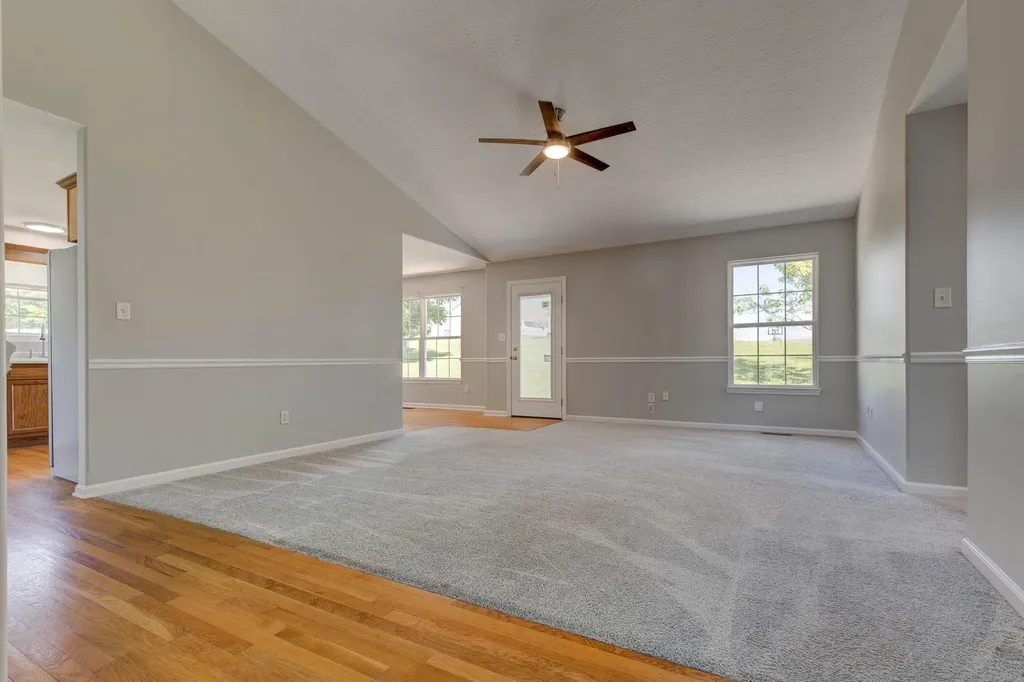 111 Haney Court Georgetown KY 40324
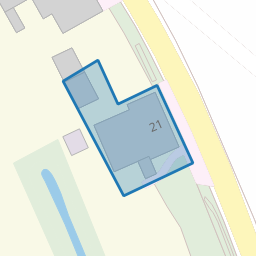 Perceel OLS00-G-3137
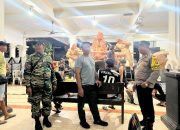 Sinergi Bhabinkamtibmas dan Babinsa dalam Sosialisasi Perda Pelestarian Ogoh-Ogoh 13 Sinergi Bhabinkamtibmas dan Babinsa dalam Sosialisasi Perda Pelestarian Ogoh-Ogoh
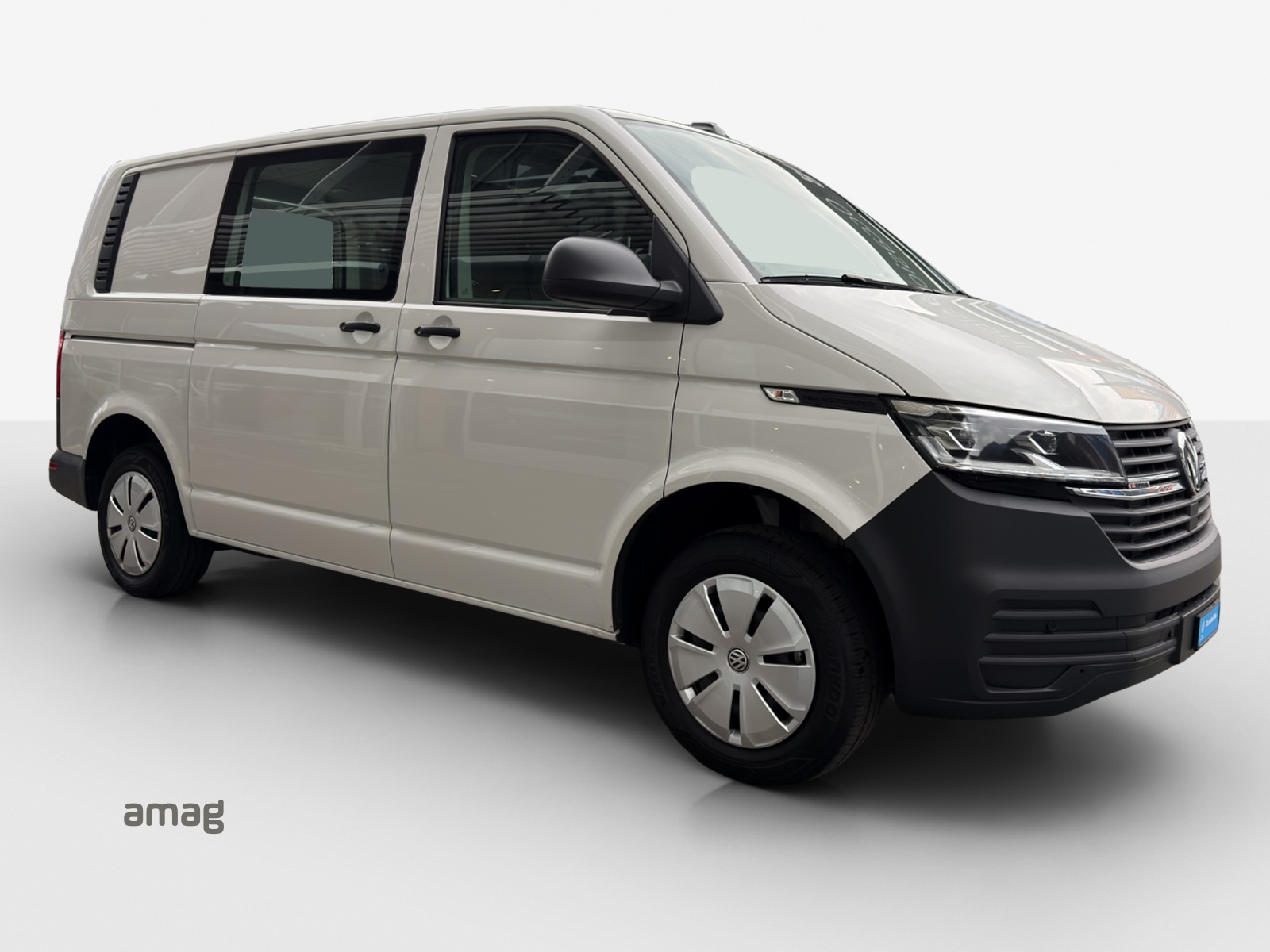 VW T6.1 2.0 TDI 4Motion-image-5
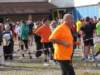 img_2544_small.jpg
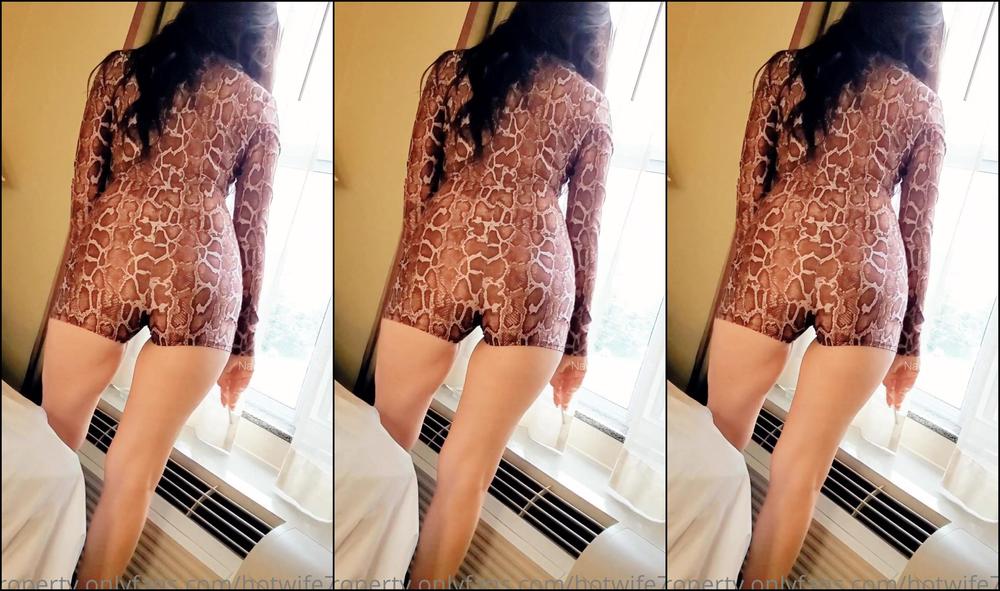 Hotwifevenessa Do You Like A Bad Girl How About A Dirty Milf Wife Tip Me One These Options To Get A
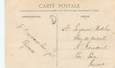 / CPA BERGERET "Faites des poids Mesdames"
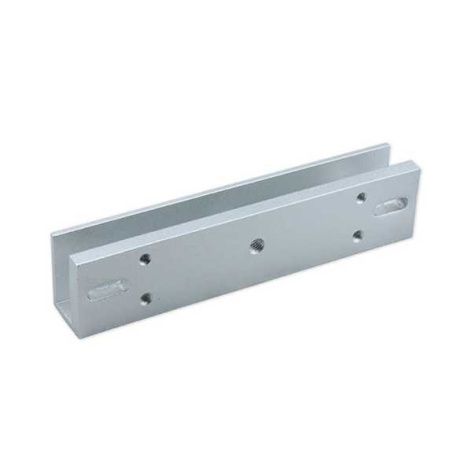 Изображение товара Крепление ZKTeco LMB-180U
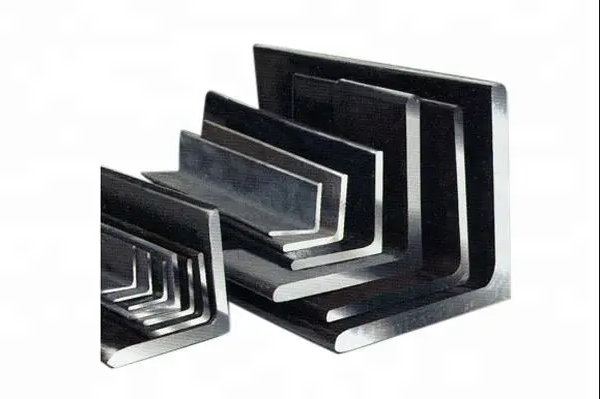 Steel Angle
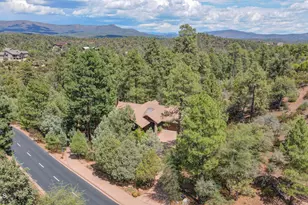 801 N Scenic Dr, Payson, AZ 85541 - Photo 51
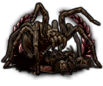 GFX_goal_SPI_unleash_guide_brood_2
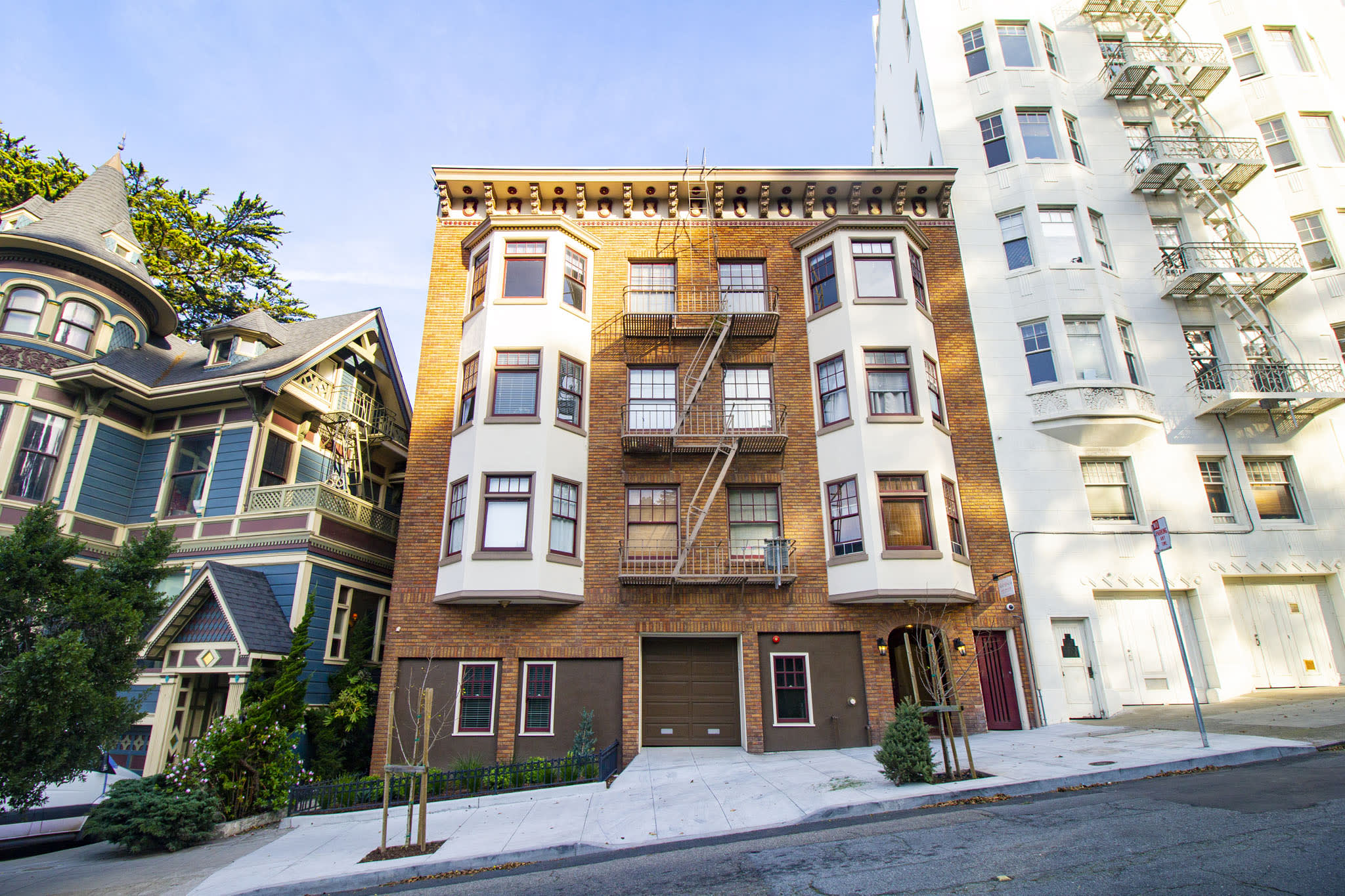 65 Buena Vista – photo 1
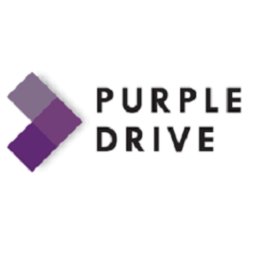 https://www.mncjobsindia.com/company/purple-drive-technologies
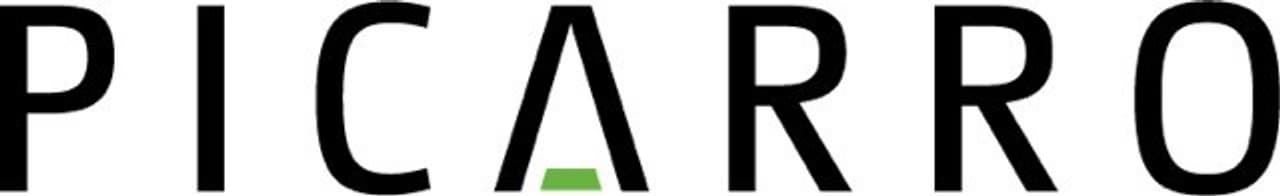 Advanced Sterilization Technology and Picarro Partner to Streamline Process Optimization and EtO Emissions Compliance for Sterilization Facilities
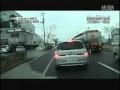 首次公布3 11日本海啸幸存者临场震撼生死实拍
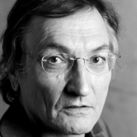 Rudolf Walther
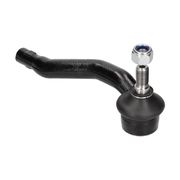 Spurstangenkopf MERCEDES-BENZ E-KLASSE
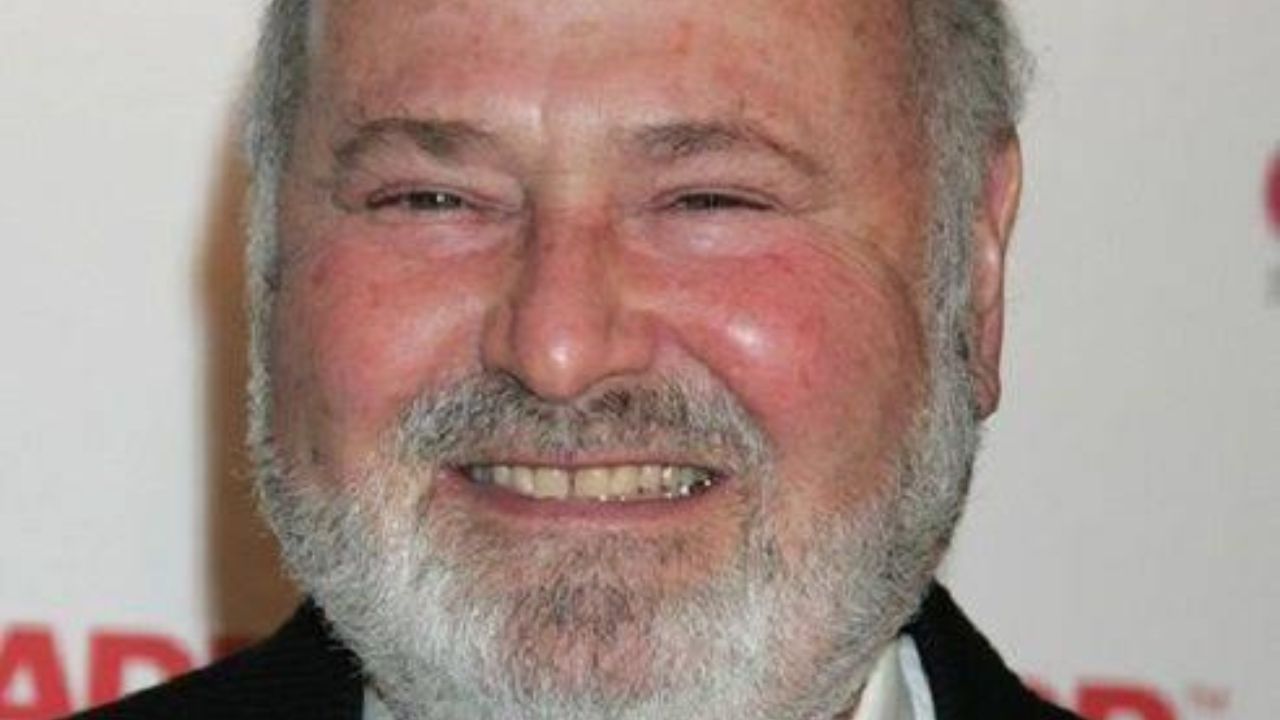 Djali i Rob Reiner u diagnostikua me skizofreni përpara se të vriste prindërit e tij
^^^^^^^^^^^^^^^^
Requirement – Print each line of the listing exactly and include no pictures.

Exercise solution –
 111 Haney Court Georgetown KY 40324
 Perceel OLS00-G-3137
 Sinergi Bhabinkamtibmas dan Babinsa dalam Sosialisasi Perda Pelestarian Ogoh-Ogoh 13 Sinergi Bhabinkamtibmas dan Babinsa dalam Sosialisasi Perda Pelestarian Ogoh-Ogoh
 VW T6.1 2.0 TDI 4Motion-image-5
 img_2544_small.jpg
 Hotwifevenessa Do You Like A Bad Girl How About A Dirty Milf Wife Tip Me One These Options To Get A
 / CPA BERGERET "Faites des poids Mesdames"
 Изображение товара Крепление ZKTeco LMB-180U
 Steel Angle
 801 N Scenic Dr, Payson, AZ 85541 - Photo 51
 GFX_goal_SPI_unleash_guide_brood_2
 65 Buena Vista – photo 1
 https://www.mncjobsindia.com/company/purple-drive-technologies
 Advanced Sterilization Technology and Picarro Partner to Streamline Process Optimization and EtO Emissions Compliance for Sterilization Facilities
 首次公布3 11日本海啸幸存者临场震撼生死实拍
 Rudolf Walther
 Spurstangenkopf MERCEDES-BENZ E-KLASSE
 Djali i Rob Reiner u diagnostikua me skizofreni përpara se të vriste prindërit e tij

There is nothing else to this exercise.